▶ Your instructions
For this exercise, retype the lines from the one that holds "dia diem du" through the one that holds "Depression: Emotionen und" in the records below, both included, exactly and without pictures.

(Dataset content)

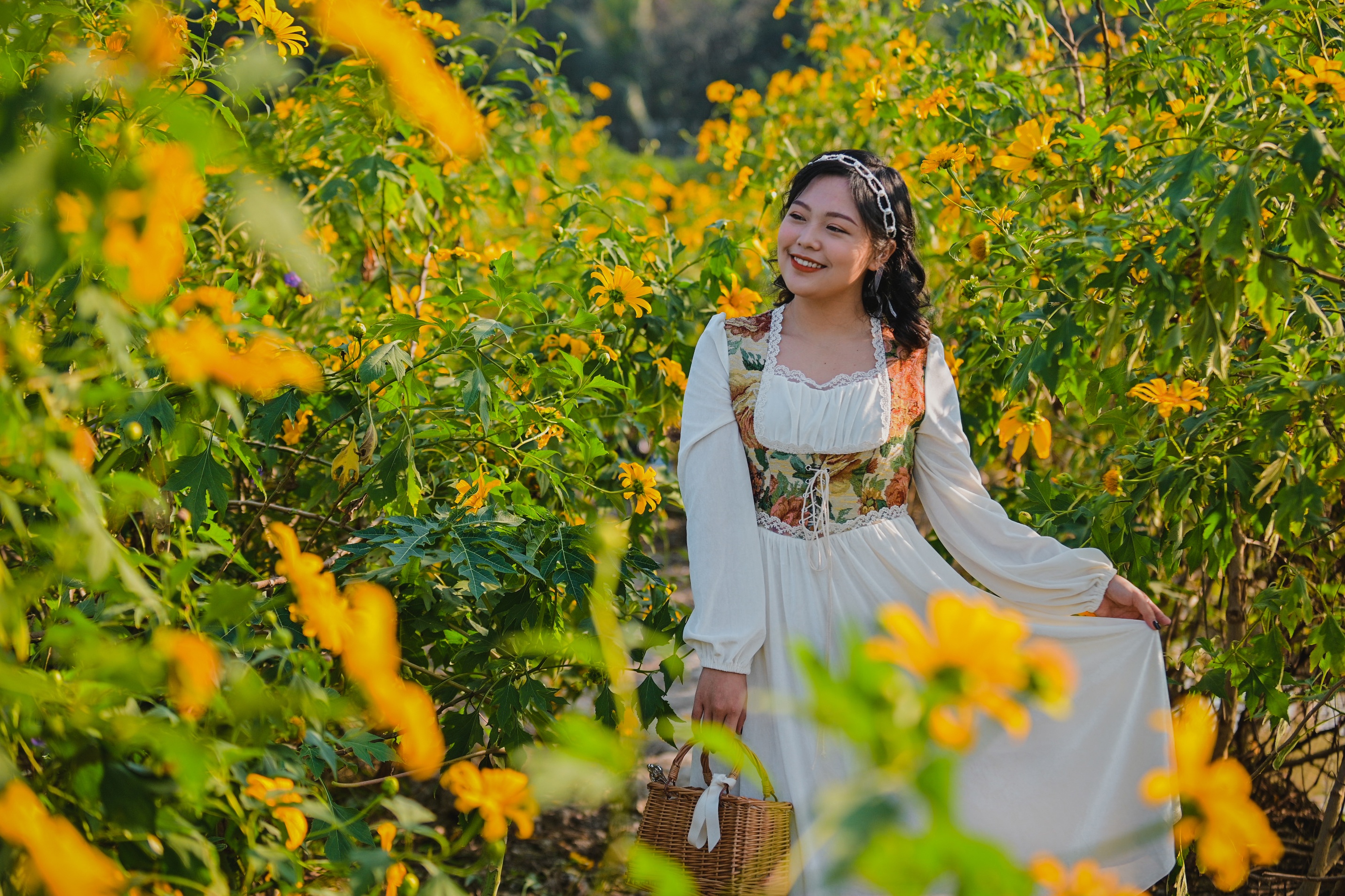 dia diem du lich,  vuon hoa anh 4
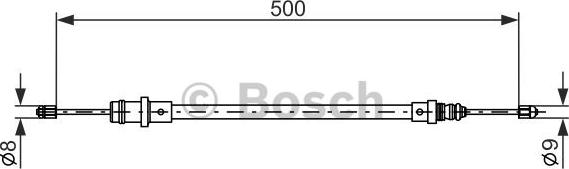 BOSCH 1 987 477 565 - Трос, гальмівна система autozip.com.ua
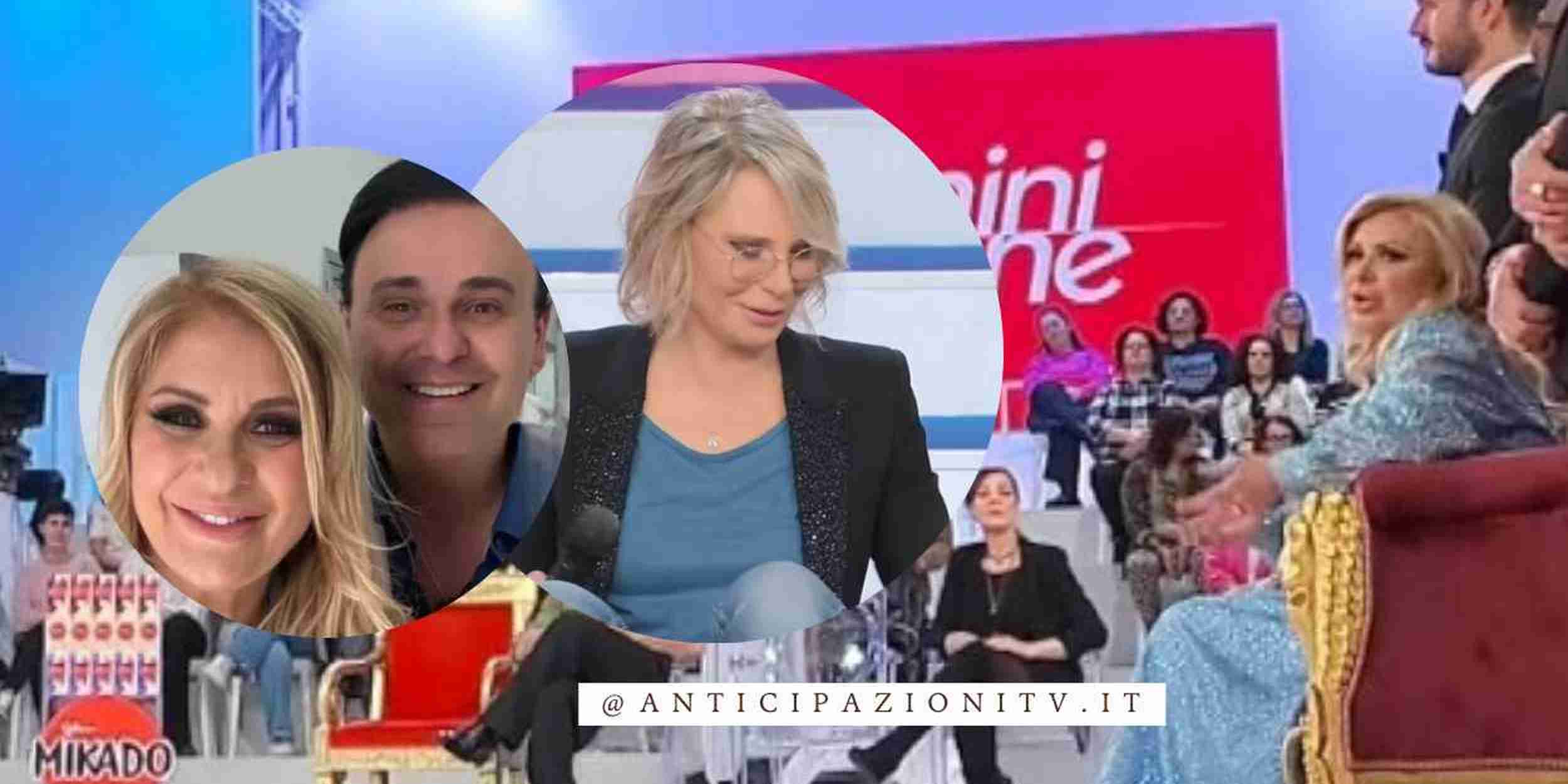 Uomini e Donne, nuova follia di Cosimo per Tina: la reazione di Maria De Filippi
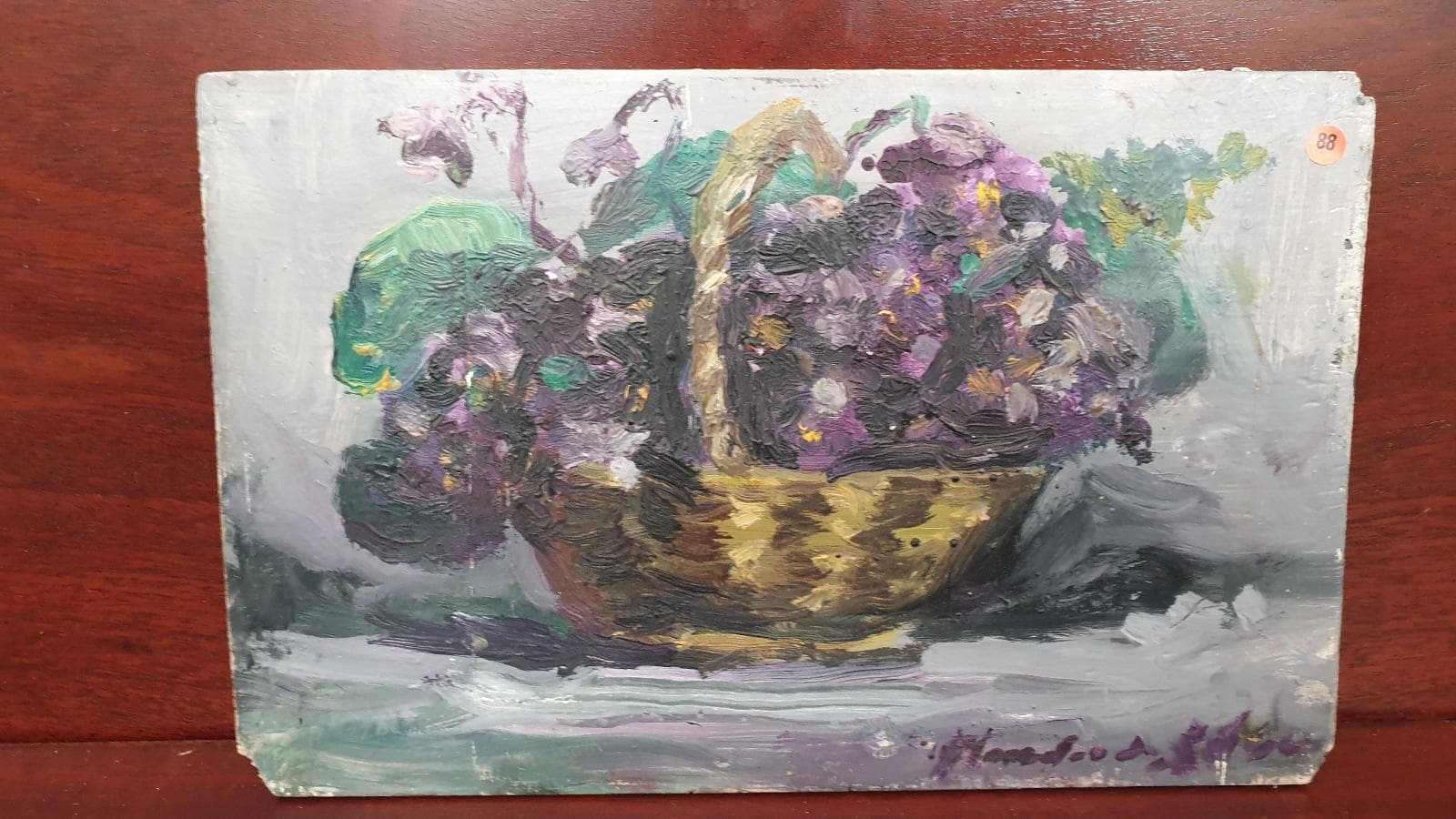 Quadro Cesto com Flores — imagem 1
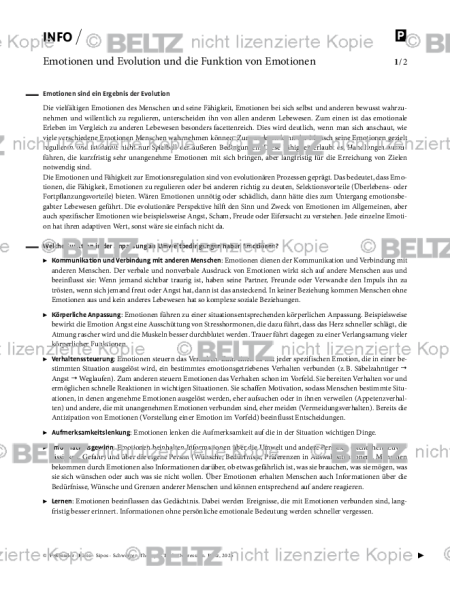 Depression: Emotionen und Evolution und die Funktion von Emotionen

(End Dataset content)
(Dataset content)

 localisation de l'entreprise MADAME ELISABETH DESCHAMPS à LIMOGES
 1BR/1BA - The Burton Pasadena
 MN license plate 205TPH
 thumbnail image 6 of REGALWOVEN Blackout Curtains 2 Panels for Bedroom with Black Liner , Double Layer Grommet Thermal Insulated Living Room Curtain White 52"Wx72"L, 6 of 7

(End Dataset content)

▶ Solution for this task
 dia diem du lich,  vuon hoa anh 4
 BOSCH 1 987 477 565 - Трос, гальмівна система autozip.com.ua
 Uomini e Donne, nuova follia di Cosimo per Tina: la reazione di Maria De Filippi
 Quadro Cesto com Flores — imagem 1
 Depression: Emotionen und Evolution und die Funktion von Emotionen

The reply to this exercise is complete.